◆ REQUIRED ACTION: In the entries below, repeat only the lines between those holding "women’s classic rings-14K" and "Image 3 : 14KT", inclusive. Leave pictures out.

◆ MATERIAL PROVIDED:
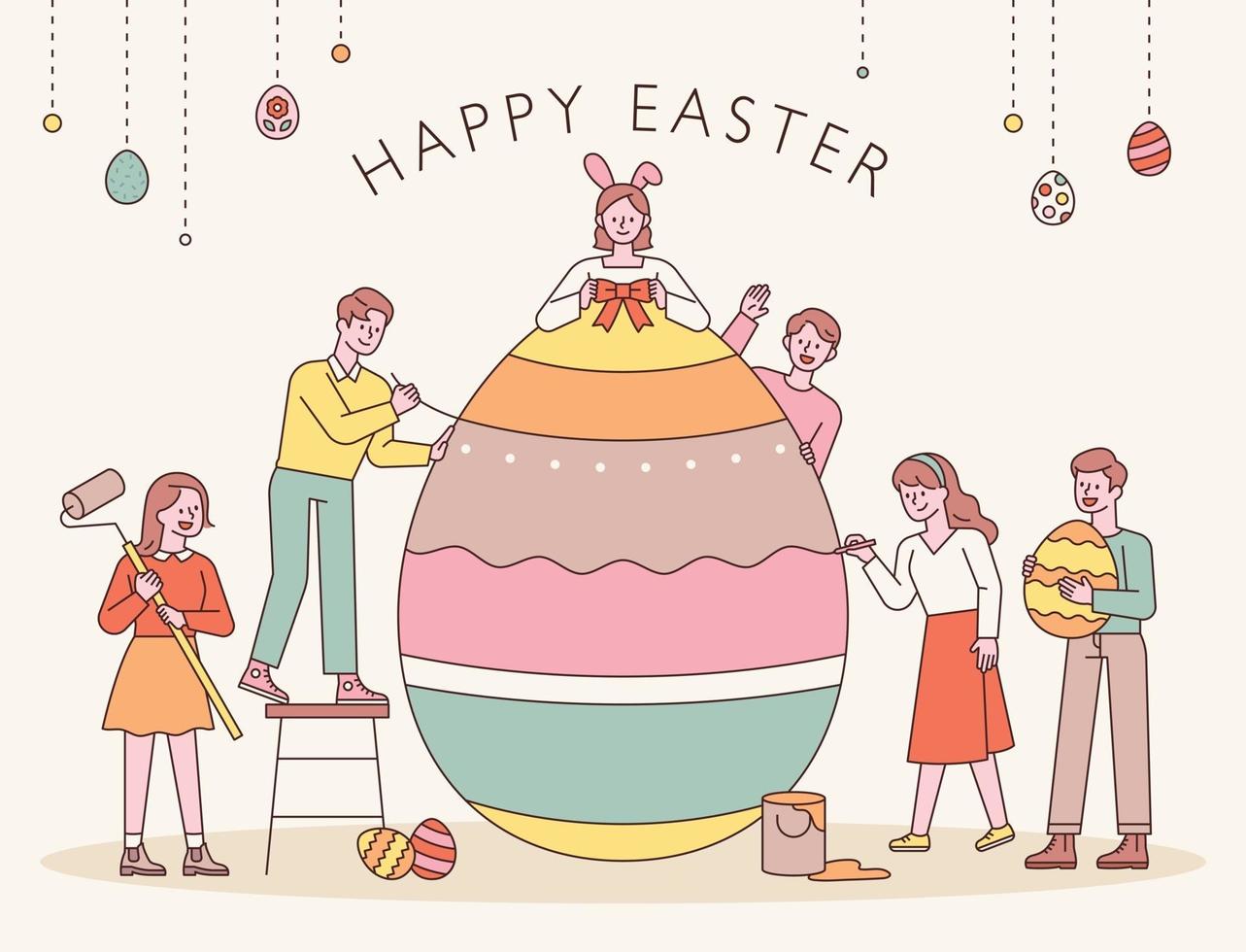 Easter characters. People are decorating Easter eggs together. flat design style minimal vector illustration.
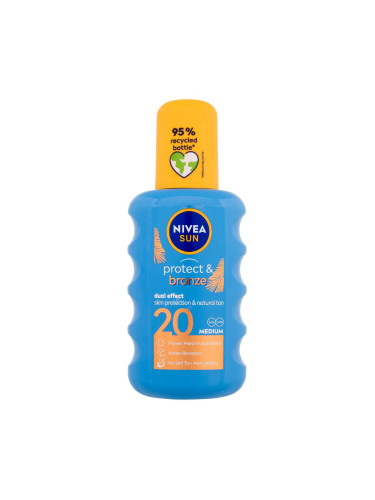 Nivea Sun Protect & Bronze Sun Spray SPF20 Слънцезащитна козметика за тяло 200 ml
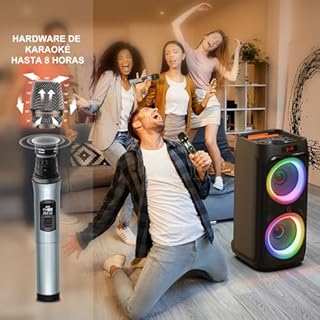 HWWR Machine de Karaoké avec 2 Microphones sans Fil pour Adultes,Enceinte Bluetooth Puissante avec Subwoofer 8", Système PA avec Lumières DJ,Idéal pour Les Fêtes en Plein Air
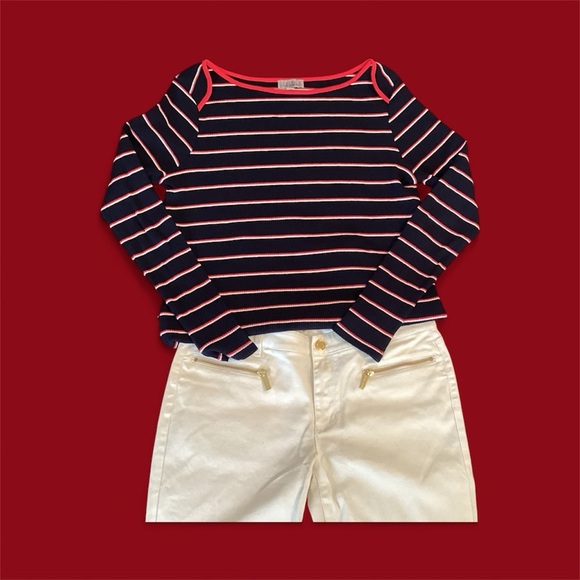 NWOT Joseph A Cotton Striped Long Sleeve Top - Picture 9 of 10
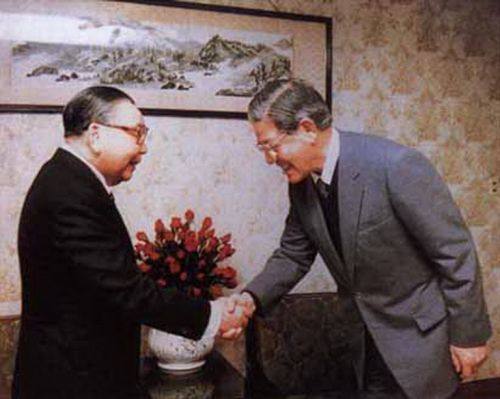蒋经国与李登辉合影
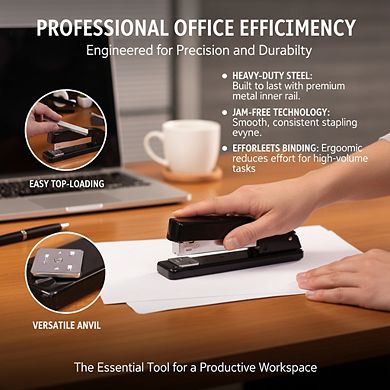 2-Pack Heavy Duty Stapler 20 Sheets, Jam-Free Metal Black for Office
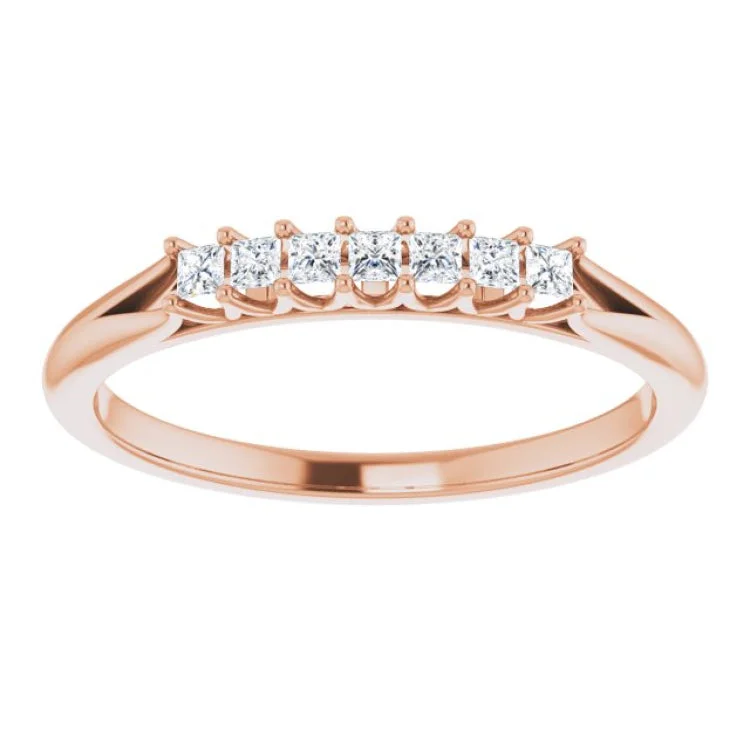 women’s classic rings-14K Rose 1/6 CTW Natural Diamond Anniversary Band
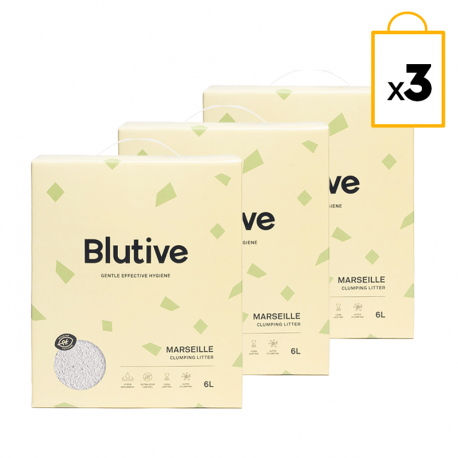 Arena aglomerante Blutive para gatos aroma Marsella 6L
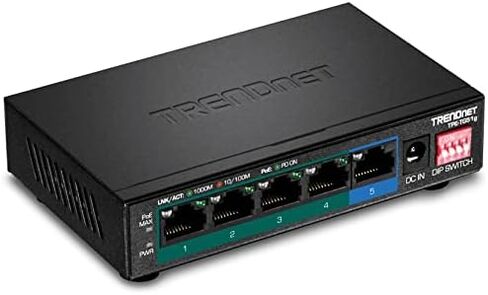TRENDnet 5-Port Gigabit PoE+ Switch, 32W PoE Power Budget, 10Gbps Switching Capacity, IEEE 802.1p QoS, DSCP Pass-Through Support, Fanless, Wall Mountable, Lifetime Protection, Black, TPE-TG52 in Saudi Arabia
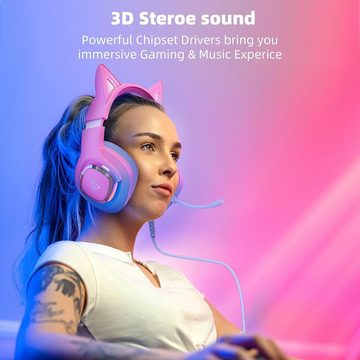 Mytrix Lautstärkeregelung an der linken Ohrmuschel Gaming-Headset (3,5-mm, ideal für ausgedehnte Gaming-Sessions. Verstellbares Kopfband, 360° drehbares Mikrofon mit Geräuschunterdrückung klare Kommunikation)
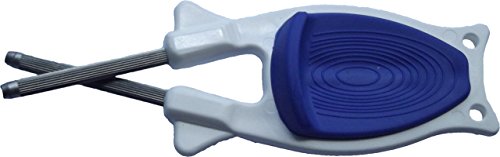 Kitchen knife Sharpener, Made to sharpen blade back to original edges. (White with Blue Anti-Slip Grip)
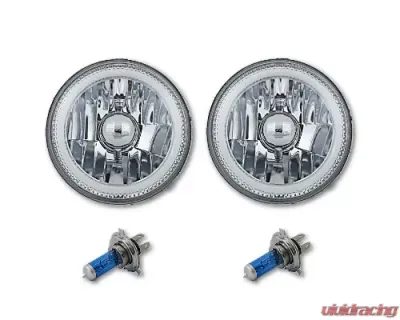 Octane Lighting 5 3/4 Inch Switchback White Amber Halogen Halo DRL Turn Signal Angel Eye Headlight Pair - OL-001L-WA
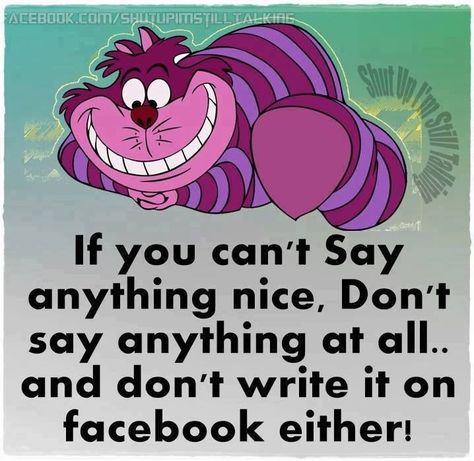 If You Can't Say Anything Nice Don't Post It On Facebook Either funny quotes… Christian Good Morning Quotes, Say Something Nice, Facebook Quotes, Laughing Quotes, Rejoice And Be Glad, Nice Quotes, Something Nice, Short Jokes Funny, Interesting Quotes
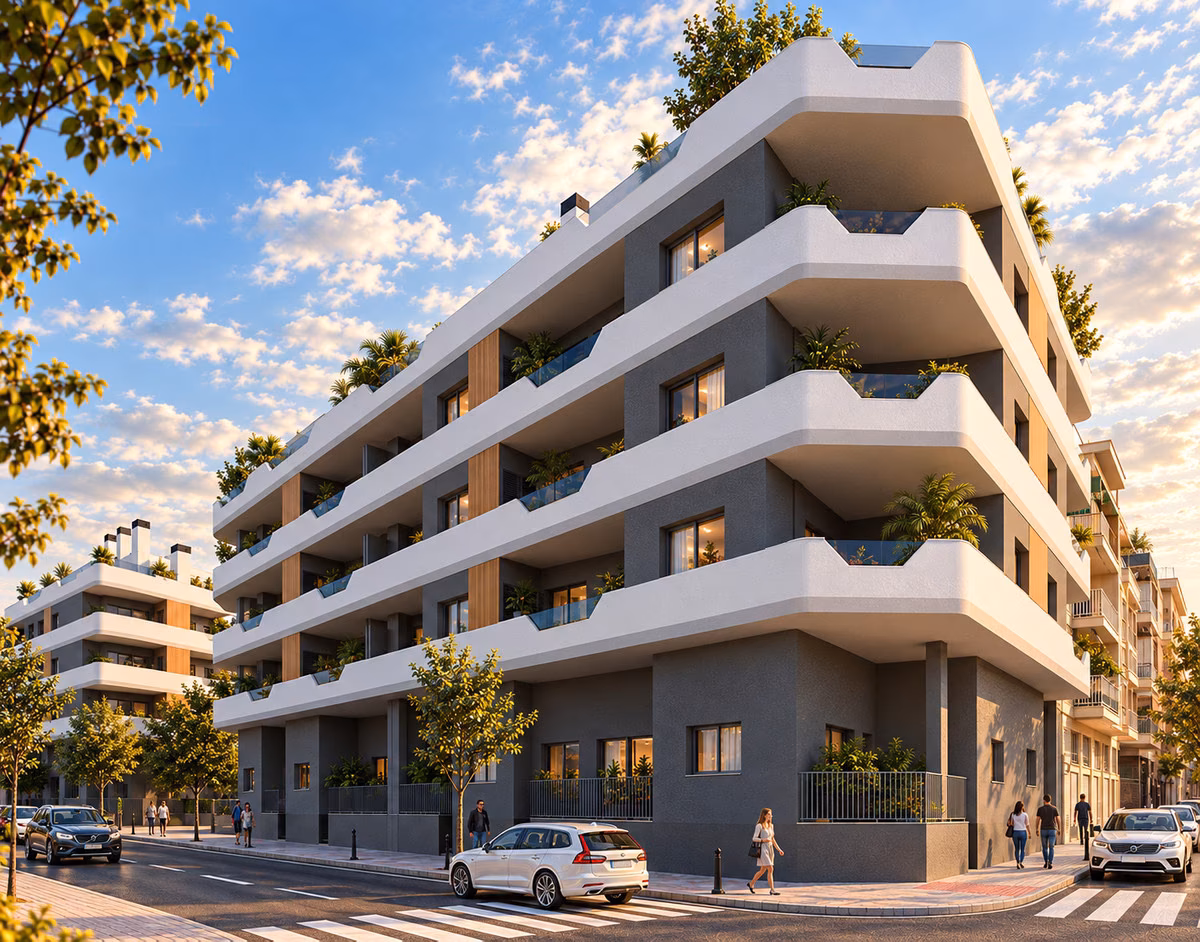 Street view of the block with balconies on every floor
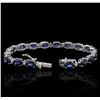 Image 3 : 14KT White Gold 19.80ctw Sapphire and Diamond Bracelet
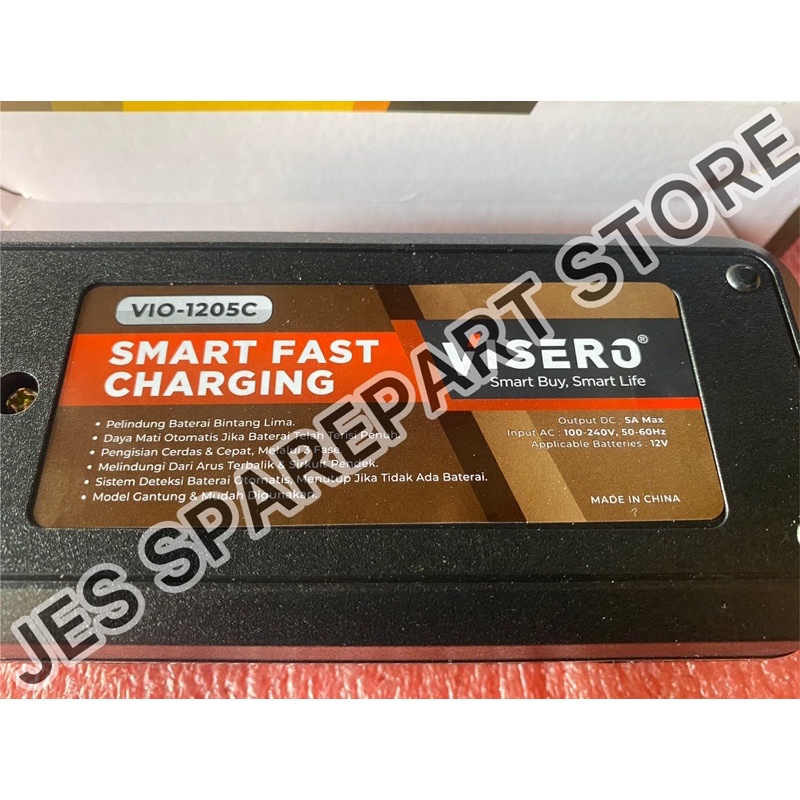 BATERAI CHARGER /  BATTERY CHARGER AKI 5A 12V VISERO (SMART FAST CHARGING)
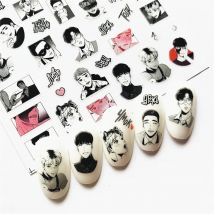 Newest TSC-365-366 Charismatic guy series 3d nail art sticker nail decal stamping export japan designs rhinestones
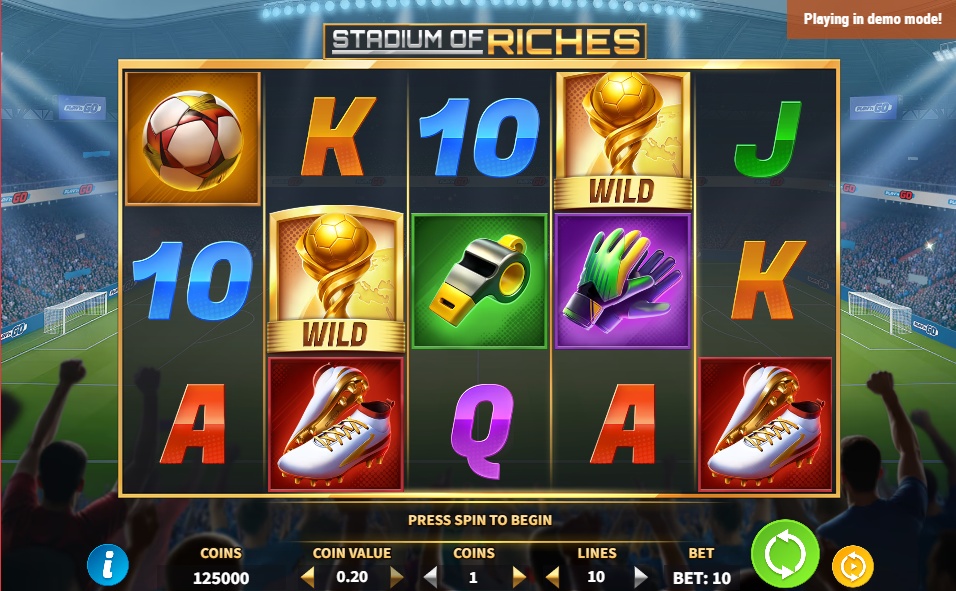 The 5x3 reel layout of the Stadium of Riches slot game during base gameplay, showing various football-themed symbols.
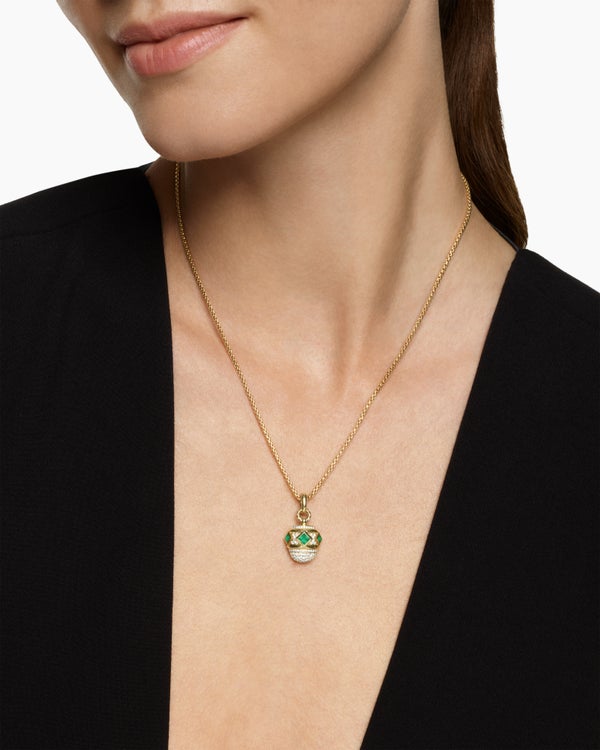 Renaissance® Pavé Amulet in 18K Yellow Gold with Emeralds and Diamonds, 17mm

◆ RESPONSE BELOW:
 women’s classic rings-14K Rose 1/6 CTW Natural Diamond Anniversary Band
 Arena aglomerante Blutive para gatos aroma Marsella 6L
TRENDnet 5-Port Gigabit PoE+ Switch, 32W PoE Power Budget, 10Gbps Switching Capacity, IEEE 802.1p QoS, DSCP Pass-Through Support, Fanless, Wall Mountable, Lifetime Protection, Black, TPE-TG52 in Saudi Arabia
 Mytrix Lautstärkeregelung an der linken Ohrmuschel Gaming-Headset (3,5-mm, ideal für ausgedehnte Gaming-Sessions. Verstellbares Kopfband, 360° drehbares Mikrofon mit Geräuschunterdrückung klare Kommunikation)
 Kitchen knife Sharpener, Made to sharpen blade back to original edges. (White with Blue Anti-Slip Grip)
 Octane Lighting 5 3/4 Inch Switchback White Amber Halogen Halo DRL Turn Signal Angel Eye Headlight Pair - OL-001L-WA
 If You Can't Say Anything Nice Don't Post It On Facebook Either funny quotes… Christian Good Morning Quotes, Say Something Nice, Facebook Quotes, Laughing Quotes, Rejoice And Be Glad, Nice Quotes, Something Nice, Short Jokes Funny, Interesting Quotes
 Street view of the block with balconies on every floor
 Image 3 : 14KT White Gold 19.80ctw Sapphire and Diamond Bracelet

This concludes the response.